Exhibit 10.21.1 
                               AMENDMENT TO
                        MEMORANDUM OF UNDERSTANDING
                  POOLING OF GENERATION AND TRANSMISSION


     THIS AGREEMENT, dated as of February 2, 1982, is entered into by and
among The Connecticut Light and Power Company, The Hartford Electric Light
Company, Holyoke Power and Electric Company, Holyoke Water Power Company
and Western Massachusetts Electric Company (the "Companies") to amend an
agreement by and among the Companies entitled:  MEMORANDUM OF
UNDERSTANDING -- POOLING OF GENERATION AND TRANSMISSION, dated as of
June 1, 1970 (hereinafter called the "NUG&T Agreement").

     The Companies agree as follows:

     1.   Section 5 of the NUG&T Agreement is amended to read in the manner
shown on the attached revised pages 6, 7, and 8 of the NUG&T Agreement.

     2.   Schedule A to the NUG&T Agreement, consisting of 2 pages and
entitled:  "DETERMINATION OF INVESTMENT RETURN," is amended to read in the
manner shown on the attached revised Schedule A.

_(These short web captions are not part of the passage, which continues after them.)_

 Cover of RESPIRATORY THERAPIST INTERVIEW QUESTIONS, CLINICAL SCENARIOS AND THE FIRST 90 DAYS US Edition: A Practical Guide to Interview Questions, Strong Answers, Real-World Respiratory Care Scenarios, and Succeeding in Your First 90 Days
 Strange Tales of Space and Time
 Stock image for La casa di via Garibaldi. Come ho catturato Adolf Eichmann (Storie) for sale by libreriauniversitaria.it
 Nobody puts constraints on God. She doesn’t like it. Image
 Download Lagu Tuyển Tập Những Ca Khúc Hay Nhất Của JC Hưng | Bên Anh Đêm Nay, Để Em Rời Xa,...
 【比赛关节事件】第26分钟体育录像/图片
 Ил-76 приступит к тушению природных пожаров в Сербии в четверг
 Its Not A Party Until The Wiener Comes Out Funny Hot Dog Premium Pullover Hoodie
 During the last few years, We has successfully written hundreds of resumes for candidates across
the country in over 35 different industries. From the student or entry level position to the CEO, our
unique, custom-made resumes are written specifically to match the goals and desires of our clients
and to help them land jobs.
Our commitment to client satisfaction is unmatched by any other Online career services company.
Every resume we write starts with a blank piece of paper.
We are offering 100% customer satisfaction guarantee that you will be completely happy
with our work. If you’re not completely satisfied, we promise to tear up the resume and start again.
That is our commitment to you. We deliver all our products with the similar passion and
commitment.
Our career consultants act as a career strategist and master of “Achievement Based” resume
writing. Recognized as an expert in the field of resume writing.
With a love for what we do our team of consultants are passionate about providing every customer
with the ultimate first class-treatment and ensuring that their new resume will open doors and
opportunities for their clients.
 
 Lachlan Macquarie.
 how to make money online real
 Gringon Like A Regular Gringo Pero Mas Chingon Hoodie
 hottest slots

     3.   This Agreement, and the amendments provided in 1 and 2 above,
shall become effective on April 5, 1982, or on such later date as the
Federal Energy Regulatory Commission shall specify; provided, however, that
if the Federal Energy Regulatory Commission shall order a hearing and
suspend the effectiveness of the amendments provided herein for any period,
then this Agreement and such amendments shall not become effective until
the Commission's order following such hearing becomes final and is no
longer subject to judicial review.

     IN WITNESS WHEREOF, each of the Companies has caused this Agreement to
be executed by its duly authorized representative, as of this 2nd day of
February, 1982.


                              THE CONNECTICUT LIGHT AND POWER COMPANY


                              By  /s/ W. A. Hunt
                                   Its Vice President--
                                        Revenue Requirements


                              THE HARTFORD ELECTRIC LIGHT COMPANY


                              By  /s/ W. A. Hunt
                                   Its Vice President--
                                        Revenue Requirements


                              HOLYOKE POWER AND ELECTRIC COMPANY


                              By  /s/ W. A. Hunt
                                   Its Vice President--
                                        Revenue Requirements


                              HOLYOKE WATER POWER COMPANY


                              By  /s/ W. A. Hunt
                                   Its Vice President--
                                        Revenue Requirements


                              WESTERN MASSACHUSETTS ELECTRIC COMPANY


                              By /s/ W.A. Hunt
                                   


amounts are fixed, they shall be reflected in a supplement to this
Memorandum.

     The amount which any of the Companies is required to pay, or entitled
to receive, under Section 3 each month shall be increased or decreased, as
appropriate, by one-twelfth of (i) 75% of its adjustment amount, as so
fixed, during the initial twelve months of the term of this Memorandum,
(ii) 50% of such adjustment amount during the second twelve months of the
term, and (iii) 25% of such adjustment amount during the third twelve
months of the term.  No adjustment shall be made thereafter.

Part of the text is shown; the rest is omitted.